Lucky Guess or Experience? You Be the Judge!
Posted by bobarrgh@reddit | talesfromtechsupport | View on Reddit | 26 comments
I had a situation today which caused me a little panic, until I was able to think about it clearly.
On one of our website servers, there is a fairly strong and sometimes persnickety caching mechanism. It is so persnickety, that when we have to make an edit to a page -- such as a blog -- we have to be sure to make sure we check the page in incognito mode. Otherwise, if we are logged into the CMS and visit the page in regular mode, the update will appear, but it won't appear for others until the cache is cleared. However, I don't know what the cache retention policy is, so usually, we just clear the cache after an update and move on.
Today, a change was made to a page and it was passed over to me for my QA review, so I checked it in a new incognito session. The update had been made and everything was happy, so I reported up the chain that the update had been verified.
About 15 minutes later, the account person responsible for that website chatted me and said that she was not seeing the update. She has been bitten with cache issues before, so when she chatted me, she said that she had tried Chrome in both regular and incognito mode, and had also tried Safari. The update was not showing up on any of her browser instances.

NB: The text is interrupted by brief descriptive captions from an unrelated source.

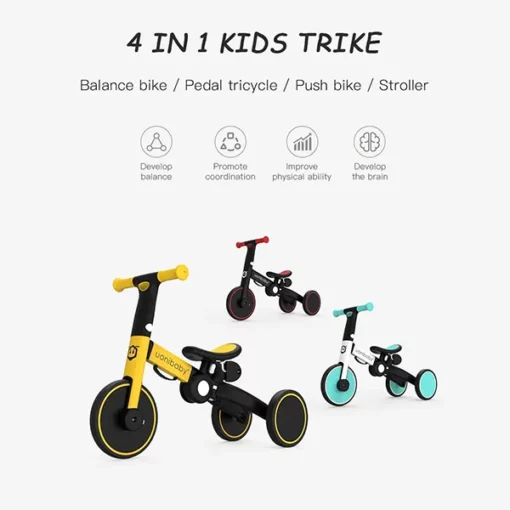 Uonibaby by StarAndDaisy 4 in 1 Kids Bicycle/Tricycle/Cycle for 1-5 Years Old Kids (Yellow) - Image 3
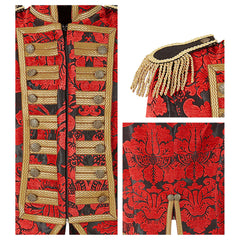 Location Déguisement Manteau Parade Jacquard Rouge / Location Costume Queue de pie Rouge / Location Costume Frac Rouge Luxe / La Maison Du Déguisement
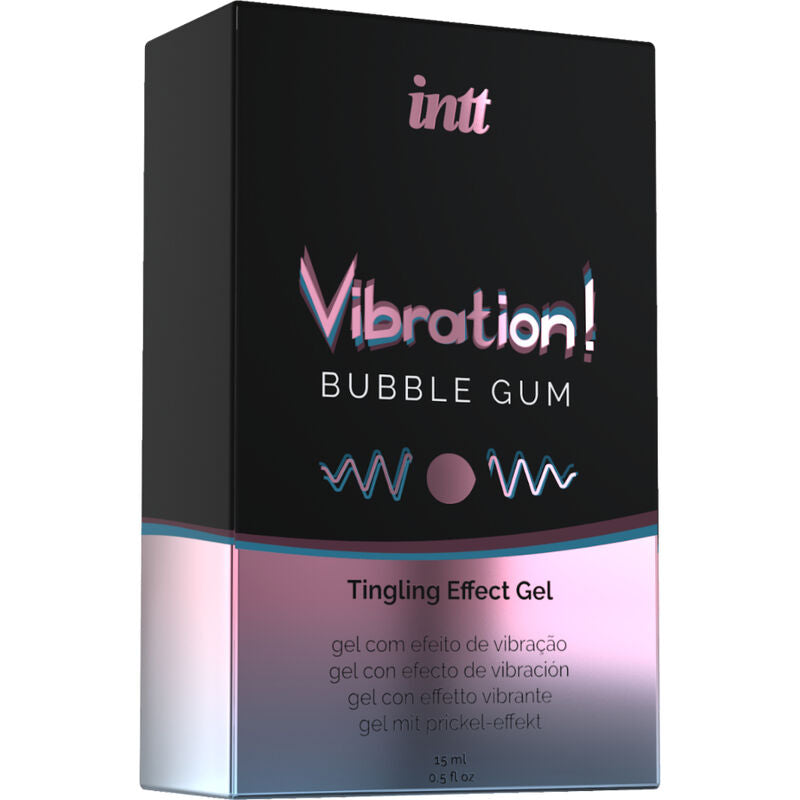 Boite Vibration Bubble Gum Intt vue de face, gel a effet picotement vibrant saveur chewing-gum a appliquer sur vulve, clitoris ou penis.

I had someone else double-check for me, and that person was able to see the updates.
It was somewhat reminiscent of a problem I had encountered several years ago when I was at another company. In that instance, we had a weird load balancer situation, and a person would get assigned to one of the two load balancer URLs. So, instead of randomly getting Server1 or Server2, if you were assigned to Server1, it took a random, cosmic event of the universe to get you switched over to Server2. (Yeah, I know, that's not how load balancers are supposed to work. Don't care, that was about 8-10 years ago.)
Anyway, I knew that was not the issue in this case, because we don't have a load balancer, but something was preventing the user from seeing the updates, even though others could see it.
We got on a conference call and she even showed me that she was starting with a new incognito session. I even had her send me the URL she was using, thinking that maybe there were two instances of this page, but with different URLs.
Nope. Same URL, new incognito session, hard refreshing two or three times ... update still visible.
Then, she happened to mention, "I even tried it on my phone, and I'm still not seeing the update."
Everything is pointing to a stubborn cache somewhere between her and the website. She is about 175 miles away from me under a different ISP, so we definitely are not going through the same intermediate hops.
Then I asked her, "Is your phone going through your home's wifi?"
Turns out, it was, so she turned off that setting on her phone and hit the page using her phone's data connection. Hmmm ... the updates are appearing ... how nice!
From what I can tell, either her #WifiRouterModemThingie has some sort of stubborn cache mechanism, or, one of the hops she is going through has the stubborn cache.
So ... lucky guess or experience? You be the judge.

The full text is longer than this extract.